TV I'm currently reading The Great Television Series by Jeff Rovin, a eighties book charting the history of heroes on US television up until that point. Not an easy monograph to like, the structure unfocused and all over the place, it's nonetheless filled with charming nuggets about the nature of television production in that era.

- Each episode of the original series of Dragnet was shot in three days and budgeted at $30,000, Producer Jack Webb “worked the schedule so that the show was before the camera for two weeks straight, after which the crew edited and scored several programmes at once”. Stand alone cop drama produced on a soap opera schedule.

- Here's a twenty-four year old William Russell, later Ian in Doctor Who talking about his appearance as Sir Lancelot in The Adventures of Sir Lancelot, firstly about his rubber armour:
"The blasted things weighed ninety pounds [...] and when they squeezed me into one, I could hardly list the bloody axe. Then they had to hoist me into the saddle with a derrick. And whenever anyone hit me in the jousts, I went down in a limp and stayed down. Finally, they had to undress me with wrenches."
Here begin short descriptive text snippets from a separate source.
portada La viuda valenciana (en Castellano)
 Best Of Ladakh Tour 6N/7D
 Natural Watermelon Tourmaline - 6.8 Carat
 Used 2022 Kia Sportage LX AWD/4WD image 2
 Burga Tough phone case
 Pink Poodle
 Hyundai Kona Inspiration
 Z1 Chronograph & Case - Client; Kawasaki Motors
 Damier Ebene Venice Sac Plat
"All our writers have done is clean up the plots just a bit. Lancelot's loves are now strictly platonic. He is still clean-cut and never takes advantage of an opponent, although when aroused the fellow can take on all comers."

"We had a genuine hero, of a sort. During the filming of one of the episodes, a horse stepped on David Morrell's foot. Morrell, who plays, Sir Kay, couldn't dislodge the beast and was forced to stand there smiling blandly with eight hundred points of horse on his toes, for ten minutes of shooting."
Around such anecdotes whole conventions have been planned.

- Rovin also unwittingly demonstrates that even what appear to be really original formats, or re-engineerings of formats, have been done before. Witness "Arrest and Trial" (that's Arrest and Trial) which ran for just a season but a version of which would later straddle the world:
(It ran for) ninety minutes a week, a length not easily plugged with substitute fare - and the appeal of its actors. Leads Ben Gazarra and Chuck Connors were able to pull a steady crowd despite the dubious merits of their showcase. Cazarra appeared as Los Angeles detective Nick Anderson, who in the first forty-five minutes of each episode tracked down a suspect and put him behind bars. In the "Trial" segment, attorney John Egan (Connors) tried to prove the defendant innocent. Needless to say, there was no love lost between Anderson and Egan, which made for the series' most interesting moments. But the overall effect of "Arrest and Trial" was that of breathlessness. The show was always racing to touch all of its bases - from crime to enter Anderson to exit Anderson and enter Egan, to verdict to exit Egan - week after week after. Will all this plot going on, there was never any room for characterisation. And ninety minutes is a long time to sit and watch cardboard cutouts hurry about their business. Still, it was a clever idea that, with a bit more elbow room, might have been a unique saga of the modern judicial process."
All Dick Wolf needed to do was made the trial bit about prosecutors, give it less "elbow room" by cutting the show down to an commercial hour and Law & Order has run for decades.

Updated:  This is delicious.  From the section about the early 70s:
"James Garner's "Nichols" was another major letdown, a series intended to be the former TV superstar's dramatic return to the medium after a successful movie career.  Garner portrayed Nichols, an eighteen-year army veteran who retired at the outbreak of World War I to avoid any violent undertakings.  However, Nichols also did not want to work for a living, so he took a job as sheriff of a small Arizona town.  There, he tried to avoid doing his duty at all costs.  However, the televiewing public didn't cotton on to "Maverick" revisited, so a change was made to the series, a move which could best be described as tacky. Around midseason, Nichols was killed in the line of duty, and his tough, serious minded brother (also Garner) came to town to pick up where his predecessor had left off. The show was cancelled in a matter of weeks."
It might seem tacky, but it's also not unknown for recent series to pull the same trick. The many characters of Ali Larter in Heroes, Locke in Lost. Of course, they're telefantasy.  Perhaps it's only acceptable if there's already weirdness in abeyance.   I think it's a genius way of re-engineering your series, though given the quality of characterisation in that period, one wonders if the writers took full advantage of the narrative possibilities, not least amongst a townspeople having to deal with a different sheriff with the same face.